Heidelberger Rollstuhlmarathon: Neuer Weltrekord bei den Frauen

Beim Heidelberger Rollstuhlmarathon bleibt Christiane Reppe aus Dresden fast unter einer Stunde - Purchke-Sieg bei den Männern

05.07.2015 UPDATE: 06.07.2015 06:00 Uhr 2 Minuten, 19 Sekunden

Bedankt sich für die tolle Unterstützung: Weltrekordlerin Christiane Reppe unterbot die alte Bestmarke um fast vier Minuten (o.l.). Das Feld schoss mit bis zu 65 km/h über die Strecke und Joachim Schermuly, 1. Vorsitzender des Heidelberger Rollstuhlmarathons freute sich über eine gelungene Veranstaltung (u.r.). Fotos: vaf

Von Christoph Ziemer

Heidelberg. Manchmal gibt es Tage, die man am liebsten aus dem Kalender streichen würde. An den vergangenen Freitag erinnert sich Vico Merklein jedenfalls nur äußerst ungern. Tagelang hatte der amtierende Vize-Weltmeister vom Malscher Team Sopur an seinem Handbike herum geschraubt, teilweise sogar bis tief in die Nacht. Seinen eigenen Weltrekord in Heidelberg noch einmal unterbieten, das war das Ziel. In Top-Form habe er sich befunden, sagt Merklein - aber eben nur bis Freitag. Bei der Hinfahrt zur Teamsitzung begannen die Probleme. "Ich habe gedacht, was ist denn jetzt los?", berichtet der 37-Jährige. "Es hat sich angefühlt, als ob ich gleich dehydriere." Ein Magen-Darm-Virus war im Anmarsch, die Mission Weltrekord musste vorsichtshalber abgeblasen werden. Aber eben nur teilweise. Christiane Reppe zum Frauen-Weltrekord verhelfen, so lautete die neue Aufgabe, die Sopur seinen Fahrern als Marschroute für Heidelberg vorgab. Und sie gelang.
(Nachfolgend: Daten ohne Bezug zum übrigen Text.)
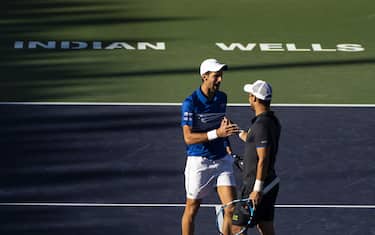 INDIAN WELLS, CALIFORNIA - MARCH 08: Novak Djokovic of Serbia and Fabio Fognini of Italy in action in the first round of the 
men's doubles against Milos Raonic of Canada and Jeremy Chardy of France on March 08, 2019 at the Indian Wells Tennis Garden in Indian Wells, California. (Photo by TPN/Getty Images)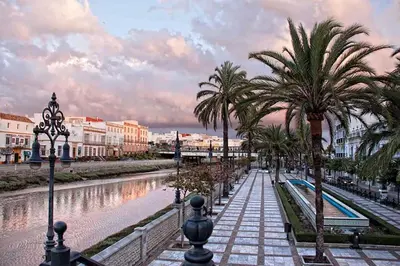 a sandy beach with people in the water and the ocean at Fancy apartment in a Historic house, Chiclana City Center by C. Dreams in Chiclana de la Frontera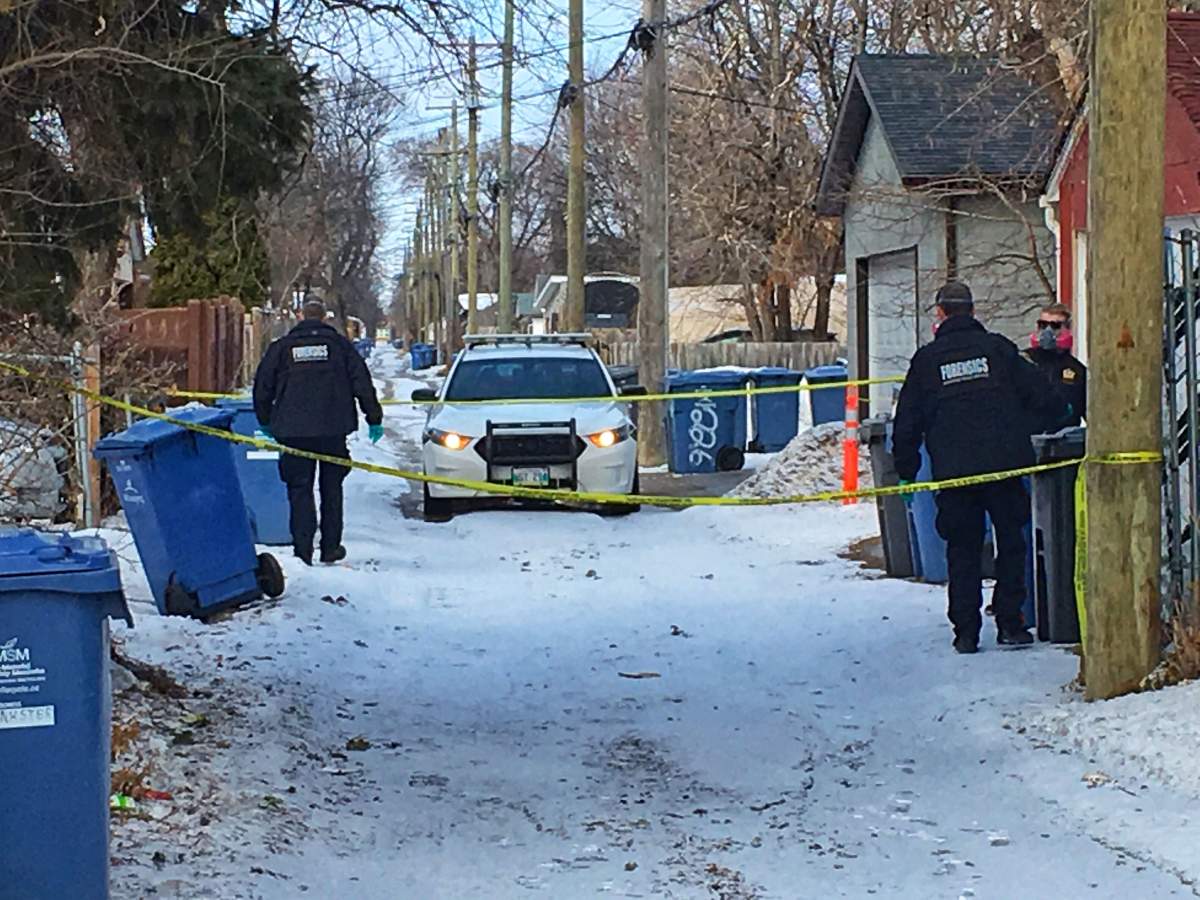 Winnipeg police investigate after a man's body was found in a trash bin in a backlane in the 200 block of Lansdowne Avenue Wednesday.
Die Straßen-Weltmeisterin verbesserte den alten Weltrekord von 1:04 Stunden nicht nur, sie pulverisierte ihn in Heidelberg nahezu. Fast vier Minuten schneller war die 27-jährige Dresdnerin, und das bei einem Schnitt von fast 41 km/h pro Stunde. "Das war richtig hart heute, für alle", befand die Sopur-Fahrerin, die beim Start unter der Brücke noch an halbwegs erträgliche Temperaturen geglaubt hatte: "Ich habe gedacht, ich sterbe. Nach der Hälfte war es nicht mehr lustig. Aber es war eine fantastische Team-Leistung. Ich danke Vico, dass er seinen möglichen Weltrekord für meinen Sieg geopfert hat." Immer wieder führte Merklein seine Teamkollegin an das Hauptfeld heran, wenn der Kontakt zur Spitzengruppe abzureißen drohte - der Mann aus dem südhessischen Babenhausen ließ sich dafür sogar zurückfallen. Warum das klappte, weiß Merklein genau: "Das Feld hat sich anfangs nur auf mich konzentriert, so konnte ich Christine mit ihrer Wattzahl wieder heranführen. Ich weiß ja, was sie kann."
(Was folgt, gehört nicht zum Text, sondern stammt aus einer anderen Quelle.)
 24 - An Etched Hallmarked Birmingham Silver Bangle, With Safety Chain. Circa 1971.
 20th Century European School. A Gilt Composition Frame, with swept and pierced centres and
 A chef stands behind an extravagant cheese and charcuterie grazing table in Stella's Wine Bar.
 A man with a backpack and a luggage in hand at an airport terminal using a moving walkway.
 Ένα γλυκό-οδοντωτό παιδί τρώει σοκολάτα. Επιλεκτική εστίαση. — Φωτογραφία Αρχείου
Das Hauptfeld war nach der Hälfte der Renndistanz noch dicht beisammen, gleich 23 Fahrer konnten sich an der Spitze halten. Die Vorentscheidung fiel nach der Friedensbrücke in Neckargemünd. Torsten Purschke setzte nur wenige Kilometer von seiner Heimatstadt Waibstadt entfernt zu einem Sprint an, den viele nicht mehr mitgehen konnten. Bis auf Sopur. Führungsarbeit wollte das Team aus Malsch allerdings nicht leisten, das musste der Lokalmatador bei Sahara-Hitze alleine übernehmen - und das über mehrere Kilometer. Der 49-Jährige hatte im Ziel trotzdem noch so viele Reserven, dass er den Schluss-Sprint souverän für sich entscheiden konnte.

Die Hitze war diesmal das große Thema an der Strecke. Die Zuschauer funktionierten die Klatschpappen des Hauptsponsors kurzerhand zu Fächern um, Fahrer und Fans erhielten an den Teamständen im Start-Ziel-Bereich auf Wunsch eine kleine Wasser-Dusche aus der Spray-Dose. Einige Fahrer gaben nach der Hälfte der Distanz auf und rollten an die Seite - zu kräfteraubend war die Rekordjagd auf dem Heidelberger Asphalt. Ernsthafte Probleme gab es trotz Rekordtemperaturen keine.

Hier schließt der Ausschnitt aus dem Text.